I know it still has many bugs but let me know how this is working for you, I'm curious as to how viable lexical analyzers such as Juman are. I don't want to spend too much time on it if it's not very accurate.

Annnnnddd now I'm behind my reviews.

#2

FYI, works on Safari 7.0.1 too.


#3

Thanks for the info,

It should work ok for every “good” browser now (utf-8 is a pain…).


#4

I apologize if I’m slow on the uptake here, but can you ELI5 what this is supposed to do? I tried to read the JUMAN manual and got lost pretty quickly.


#5

can you change the colors?
the red and purple are too much alike.


#6

@awesomeo

I don’t know any of the details, I had enough troubles just getting it to work the way I want.

JUMAN
slices up a sentence into morphemes and sticks a label to them (e.g.
普通名詞 common noun, 助詞 particle,…). When there is an ambiguity it simply
returns its best guess.

[水を飲んでいます] is broken down to [水 | を | 飲んで | い | ます]. It will even find the dictionary form [飲む].

I
use it to get a sense of how difficult a read seems or to find the
words that wanikani does not teach so I can put them in a deck if they
appear reasonaly useful. I wanted to make an add-on to do it on the fly
to webpages I visit but it is too slow as it is now.

@Apraxas

You’re right, I’ll try to make it a bit more readable sometime tomorrow.


#7

This seems promising! Thank you so much^^


#8
Ikalou said... @awesomeo

I use it to get a sense of how difficult a read seems or to find the words that wanikani does not teach so I can put them in a deck if they appear reasonaly useful. I wanted to make an add-on to do it on the fly to webpages I visit but it is too slow as it is now.
 Oh, that sounds really useful. I would definitely use that if you can get it to work as an add-on.

Also, I agree a new color scheme would be great.

Works on Firefox 26.0

#9

what are the pros and cons of this vs. Rikaichan? is the coloring the only difference? Does it give definitions? Is there a way to color an entire page automatically/at the click of the button, or do I have to copypaste the text into a form?


#10

和 was red in ur image but isn’t it on wanikani,  japanese style/peace?


#11
SoxKeepYouWarm said... 和 was red in ur image but isn't it on wanikani,  japanese style/peace?
 same with
休日


#12
SoxKeepYouWarm said... 和 was red in ur image but isn't it on wanikani,  japanese style/peace?
The Kanji 和 is on wanikani, but the word/vocabulary 和 is not.

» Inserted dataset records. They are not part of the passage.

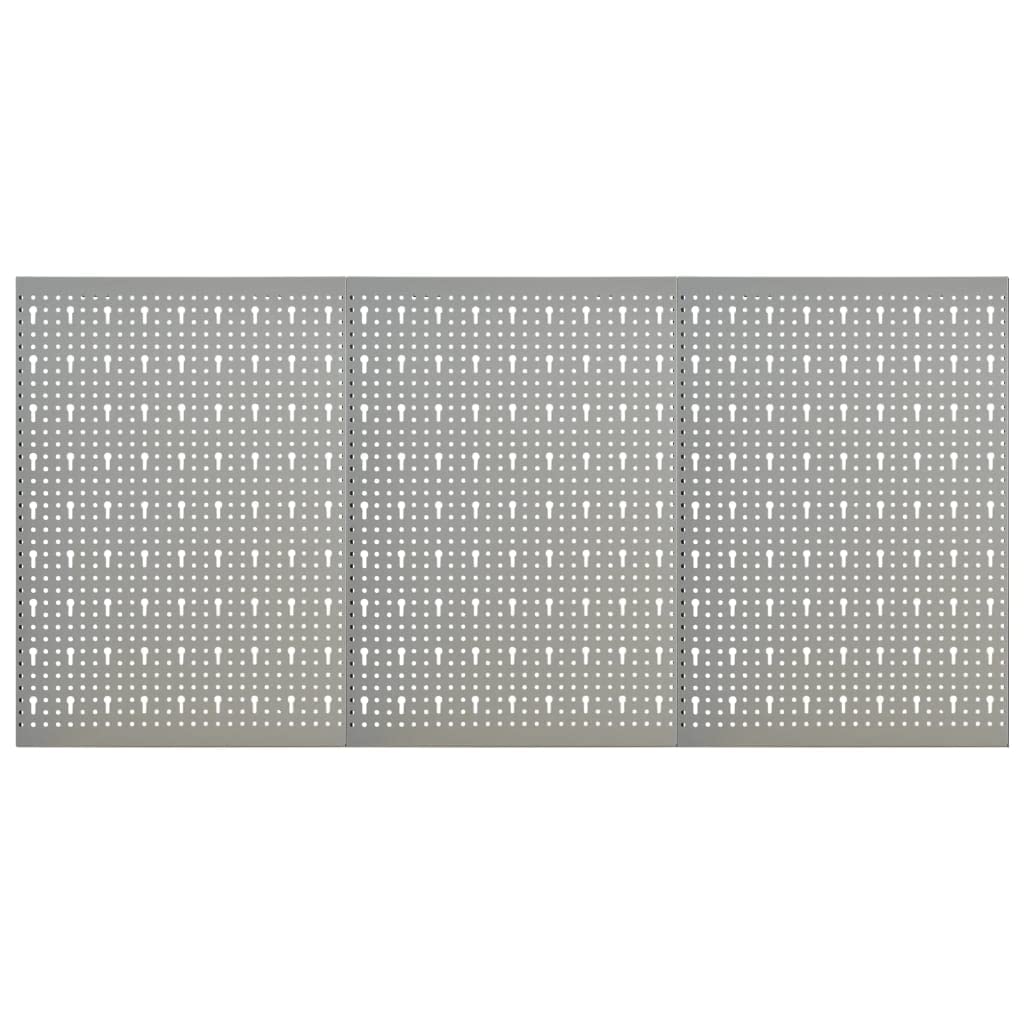 Vidaxl Wall-Mounted Tool Peg Boards | 4-Piece Set | Durable Steel Construction | Ideal For Workshops, Garages | Easy Organization | Perforated Design | California Prop 65 Compliant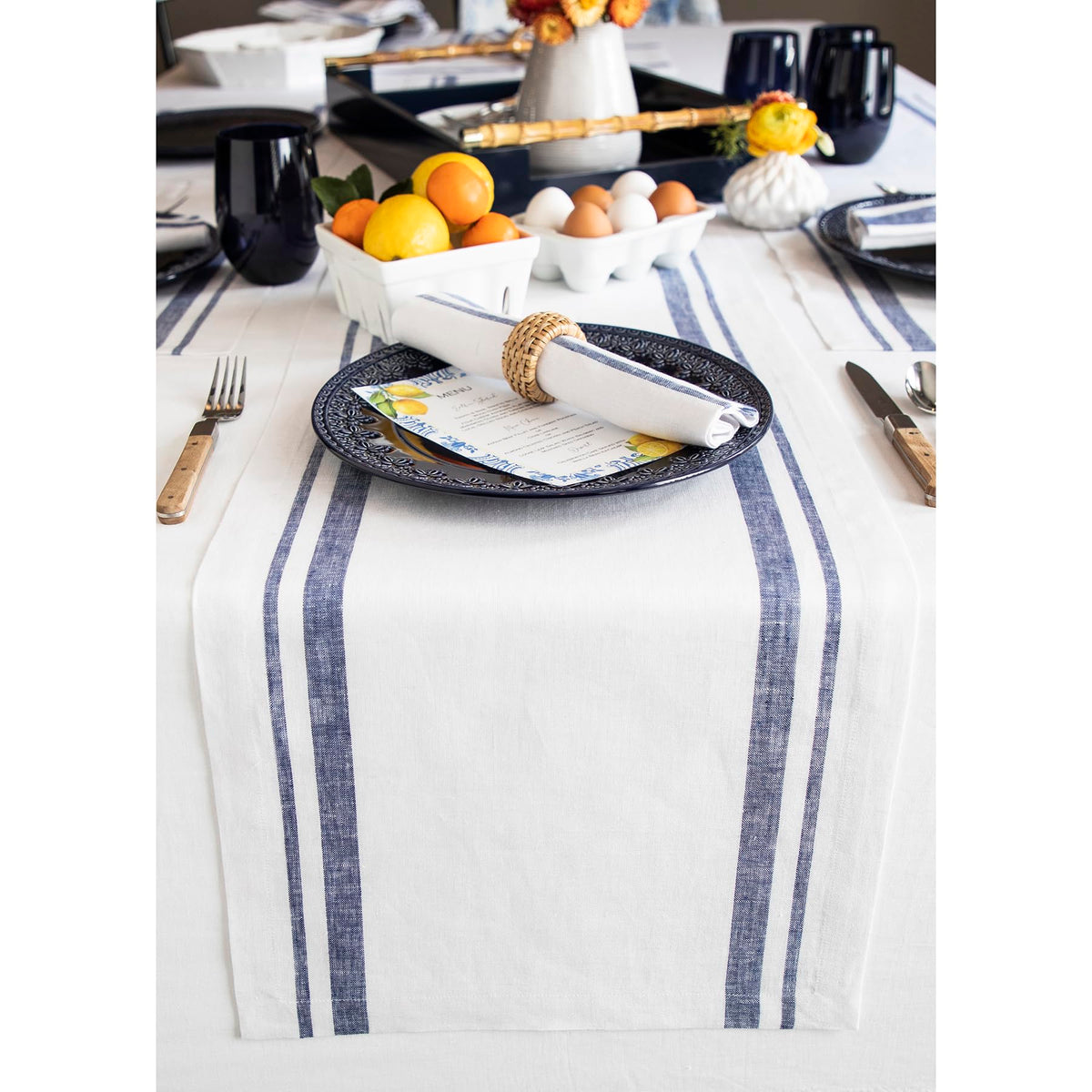 Solino Home 100% Pure Linen Table Runner, 14 x 108 in, Black, French Stripe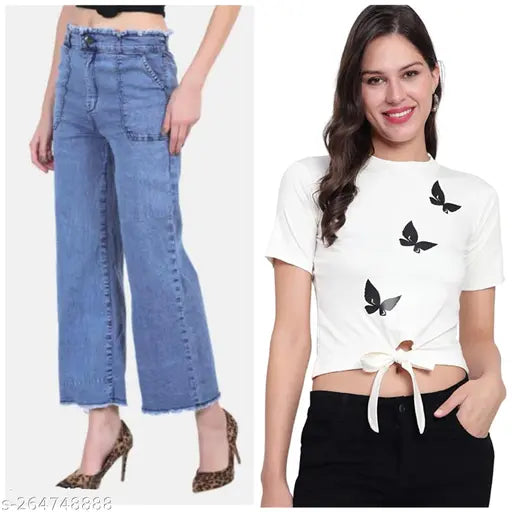 Blue denim jeans combo: high waist, regular fit, ankle length, printed t-shirt, clean blue denim, Indian origin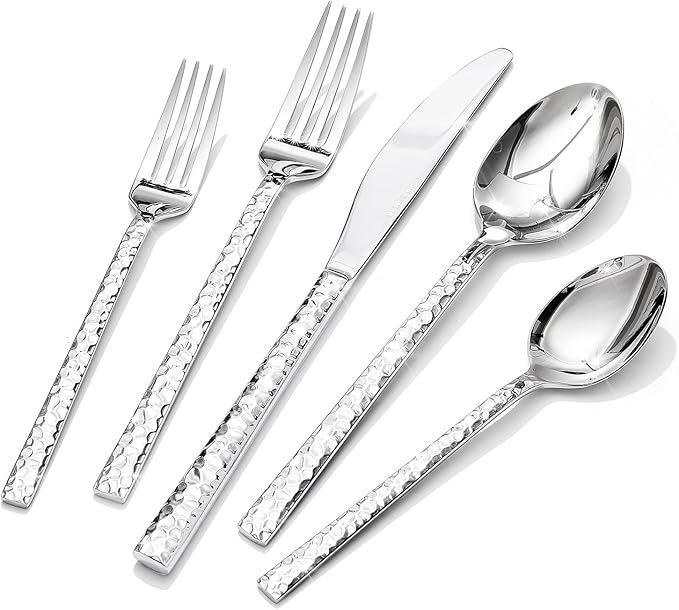 20 Piece Hammered Silverware Set, 18/10 Stainless Steel Flatware Set for 4
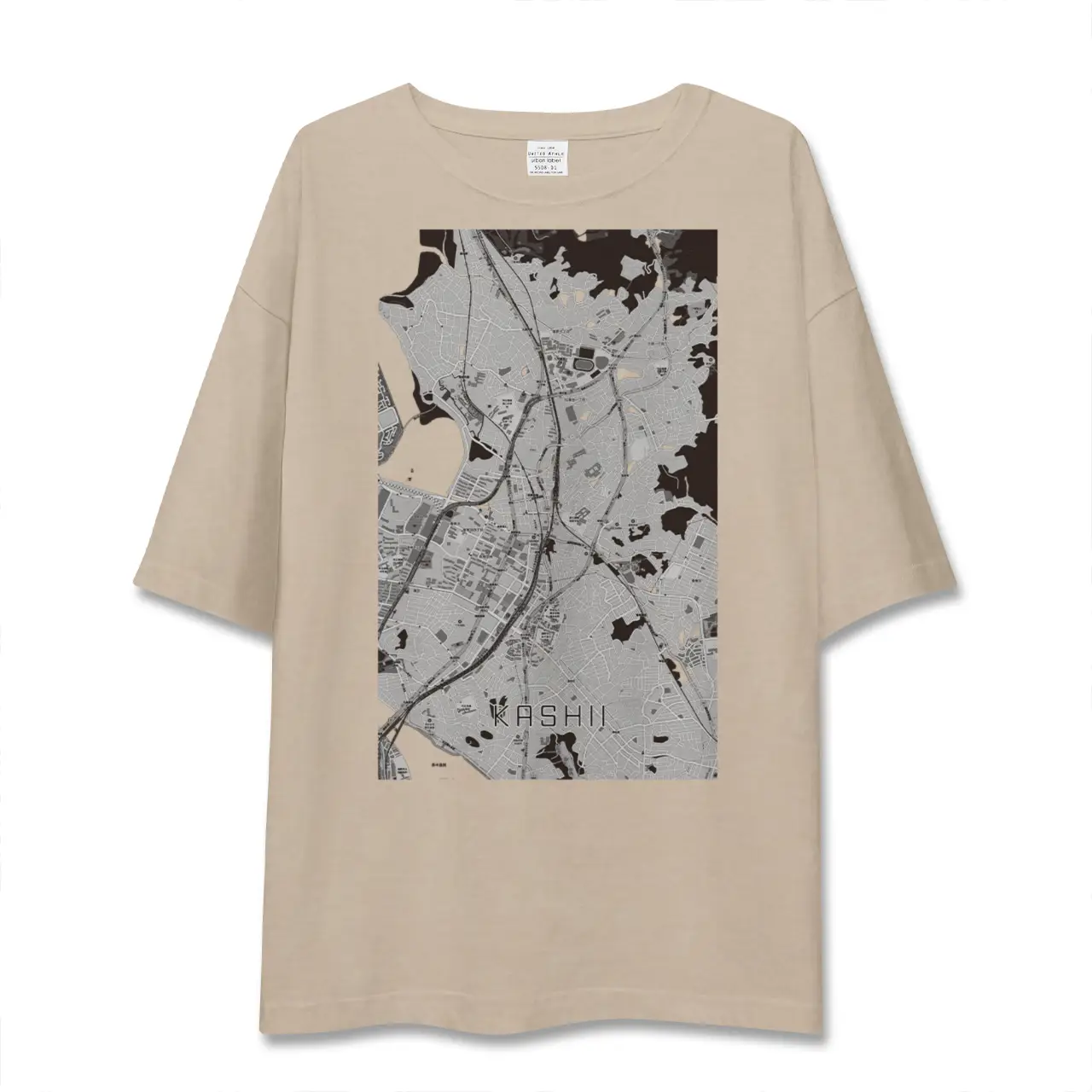 【香椎（福岡県）】地図柄ビッグシルエットTシャツ
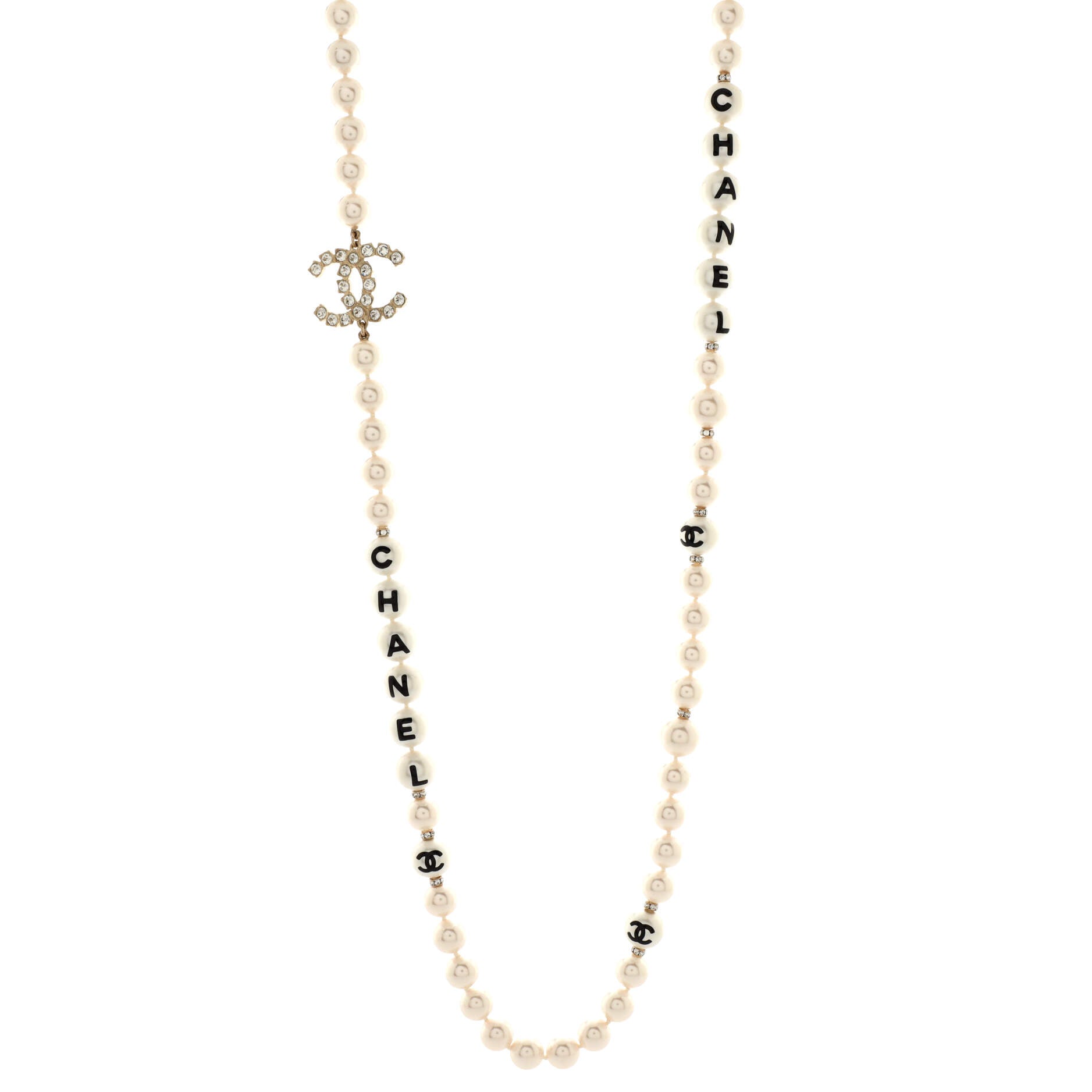 CC Long Logo Necklace Faux Pearls with Metal and Crystals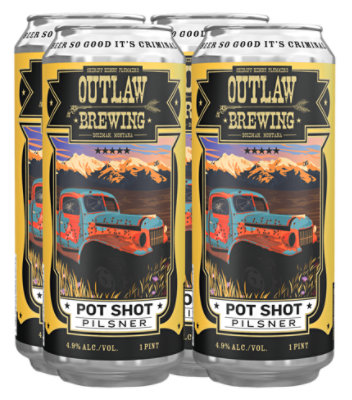 Outlaw Brewing Pot Shot Pilsner - 4-16 Fl. Oz. - Image 1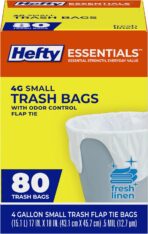 Hefty Essentials Flap Tie 4 Gallon Trash Bags, 80 Count, Small Scented Trash Bags for Bathrooms, Bedrooms, Dorm Rooms, Home Offices, and More, Fresh Linen Scent, White - Image 2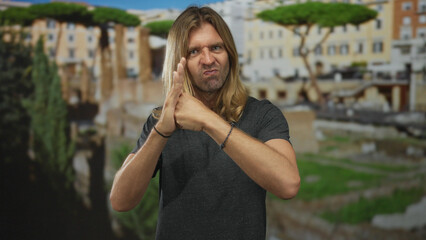 Fototapeta premium Blond man holds fist under palm in blocking gesture inside a building with ancient roman ruins in the background; defiance.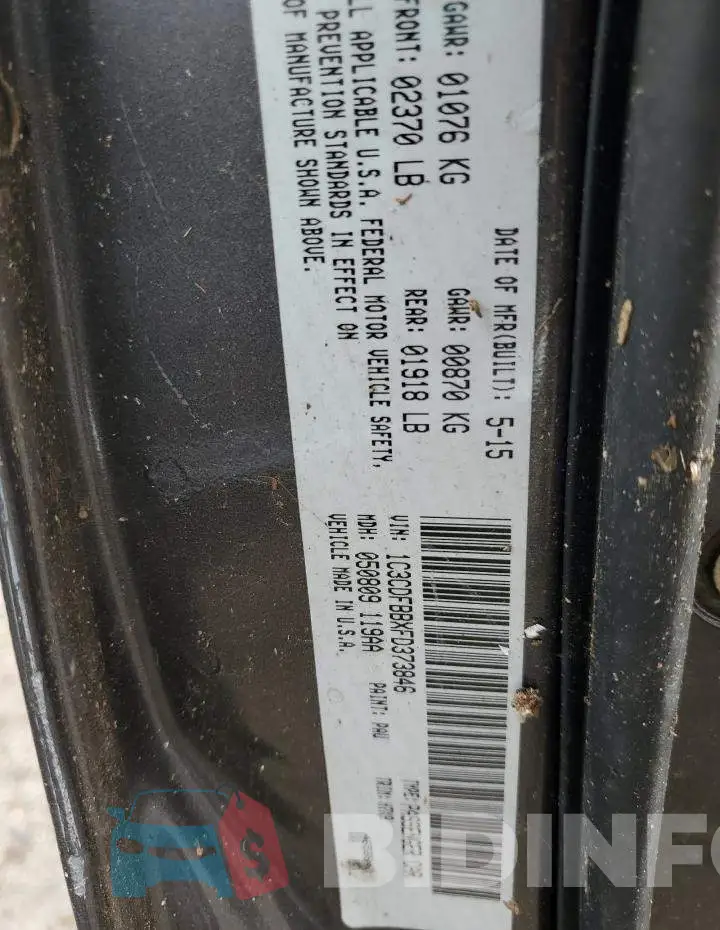 1C3CDFBBXFD373846 Photo# 12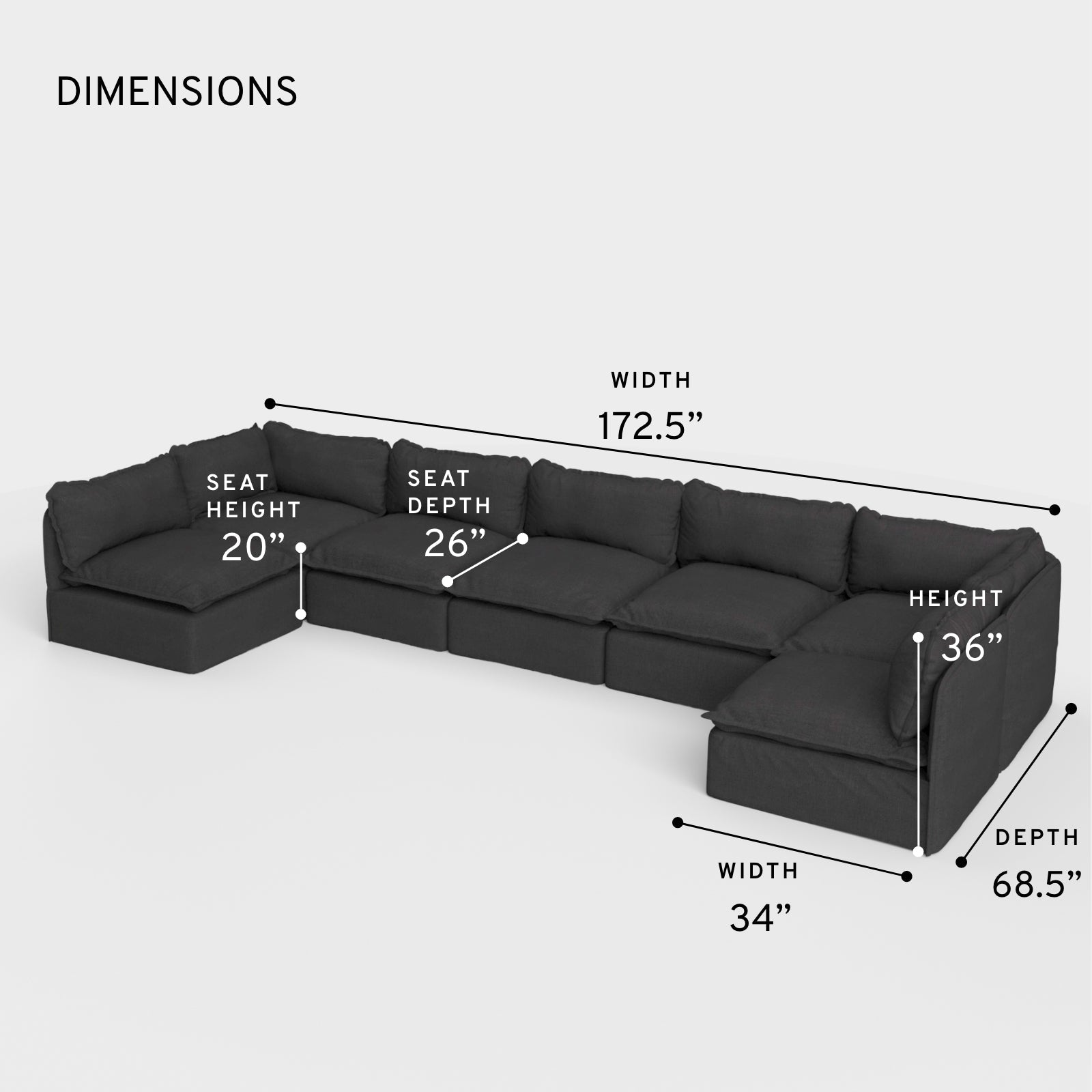 Sectional modulable d'extérieur lavable à 7 places avec extrémités ouvertes en forme de U | Toile classique couleur anthracite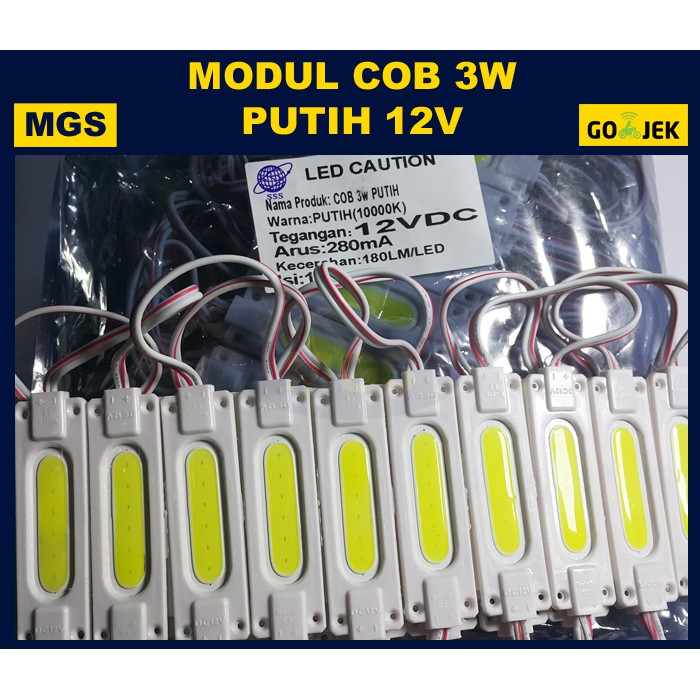 100PCS MODUL COB 3W PUTIH 12V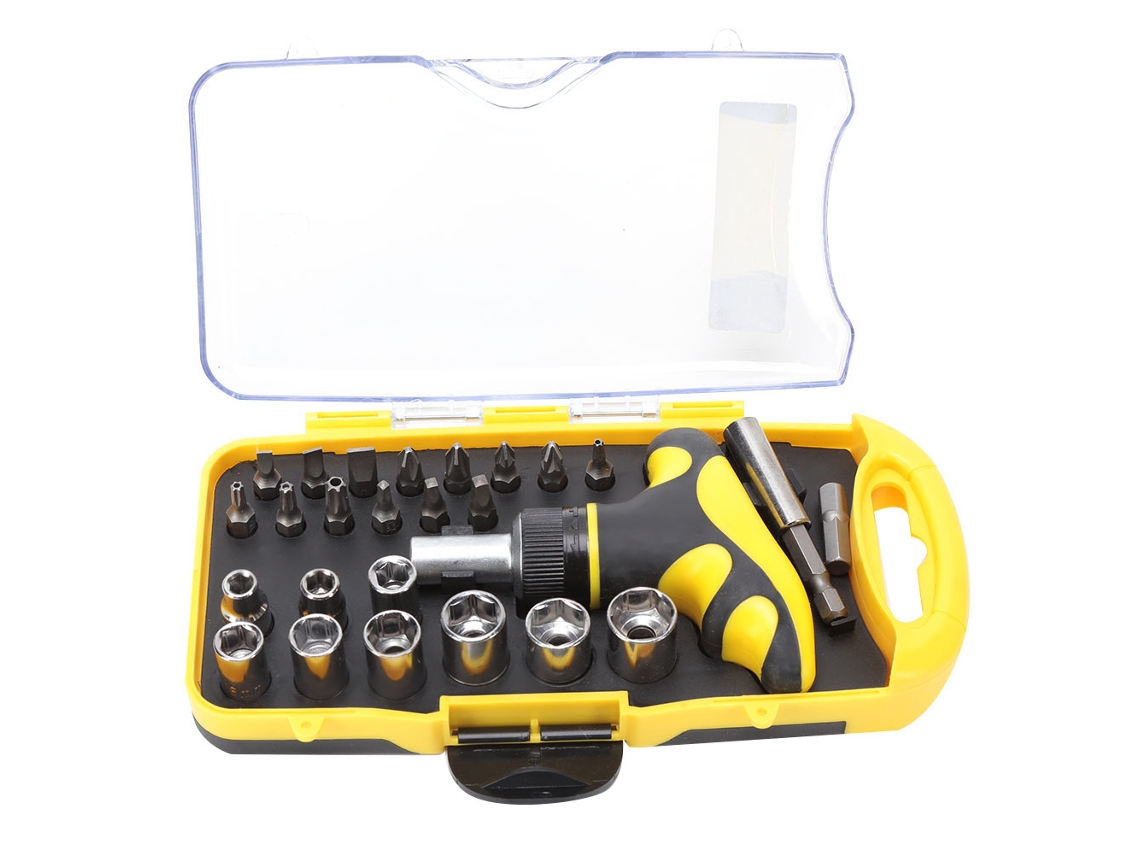 Kit De Destornillador De Carraca Multifuncional De Acero Tu-8130, 25 Puntas En 1 Y Llave En T.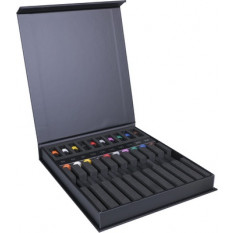 Assortiment de 10 tournevis d'horloger en acier inox avec membrane en élastomère, tête ergonomique en matière synthétique POM autolubrifiant, en coffret carton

Apraxas said...  same with
休日
 Are you sure? It always finds it for me and it is blue in my picture as well.

#13


Apraxas said...  same with
休日
 Are you sure? It always finds it for me and it is blue in my picture as well.
 


#14

@Apraxas

Oh that’s right… I hadn’t notice some instances of the word were splitted. I belive this problem should be gone now. Thanks for spotting this.


SamusAranX said…
what are the pros and cons of this vs. Rikaichan? is the coloring the only difference?

Well, Juman alone is not a english dictionary. It splits a sentence into morphemes and tries to tell what they are (noun, adjective, particle, …).

SamusAranX said…
Does it give definitions? Is there a way to color an entire page automatically/at the click of the button, or do I have to copypaste the text into a form?

If it ends up working well/fast enough it can then be used to build add-ons to do all sorts of things to webpages with japanese.

What I did here is simply search for words not on wanikani, but you could turn it into an enligh dictionary (by doing greedy matching just like rikaichan) or say, compile some stats and save example sentences for particular words as you browse the web, etc…